I suggest you read your file into an array of pointers to strings which would allow you to index and delete the lines as you have specified. There are efficiency tradeoffs to consider with this approach as to whether you count the number of lines ahead of time or allocate/extend the array as you read each line. I would opt for the former.
Read the file, counting the number of line terminators you see (ether \n or \r\n)
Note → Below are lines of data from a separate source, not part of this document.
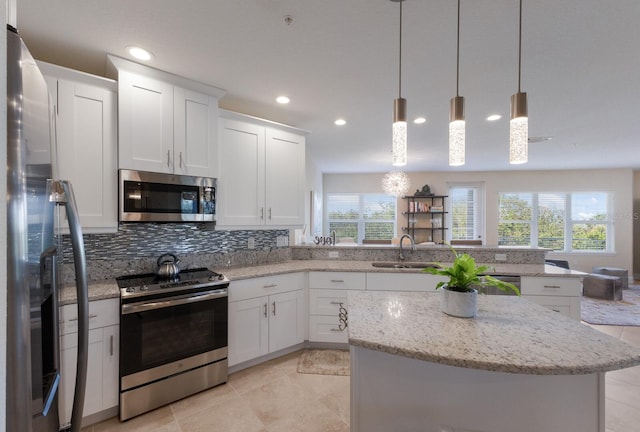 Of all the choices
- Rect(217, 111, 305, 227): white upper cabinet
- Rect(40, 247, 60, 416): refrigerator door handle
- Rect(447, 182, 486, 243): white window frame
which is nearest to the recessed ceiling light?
Rect(217, 111, 305, 227): white upper cabinet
Allocate a an array of char * of that size
Re-read the file, line by line, using malloc() to allocate a buffer for each and pointed to by the next array index
For your operations:
Indexing is just array[N]
Deleting is just freeing the buffer indexed by array[N] and setting the array[N] entry to NULL
UPDATE:
The more memory efficient approach suggested by #r.. and #marc-van-kempen is a good optimization over malloc()ing each line at a time, that is, slurp the file into a single buffer and replace all the line terminators with '\0'
Assuming you've done that and you have a big buffer as char *filebuf and the number of lines is int num_lines then you can allocate your indexing array something like this:
char *lines[] = (char **)malloc(num_lines + 1); // Allocates array of pointers to strings
lines[num_lines] = NULL; // Terminate the array as another way to stop you running off the end
char *p = filebuf; // I'm assuming the first char of the file is the start of the first line
int n;
for (n = 0; n < num_lines; n++) {
lines[i] = p;
while (*p++ != '\0') ; // Seek to the end of this line
if (n < num_lines - 1) {
while (*p++ == '\0') ; // Seek to the start the next line (if there is one)
}
}
With a single buffer approach "deleting" a line is merely a case of setting lines[n] to NULL. There is no free()
Two slightly different ways to achieve this, one is more memory friendly, the other more cpu friendly.
I memory friendly
Open the file and get its size (use fstat() and friends) ==> size
allocate a buffer of that size ==> char buf[size];
scan through the buffer counting the '\n' (or '\n\r' == DOS or '\r' == MAC) ==> N
Allocate an array: char *lines[N]
scan through the buffer again and point lines[0] to &buf[0], scan for the first '\n' or '\r' and set it to '\0' (delimiting the string), set lines[1] to the first character after that that is not '\n' or '\r', etc.
II cpu friendly
Create a linked list structure (if you don't know how to do this or don't want to, have a look at 'glib' (not glibc!), a utility companion of gtk.
Open the file and start reading the lines using fgets(), malloc'ing each line as you go along.
Keep a linked list of lines ==> list and count the total number of lines
Allocate an array: char *lines[N];
Go through the linked list and assign the pointer to each element to its corresponding array element
Free the linked list (not its elements!)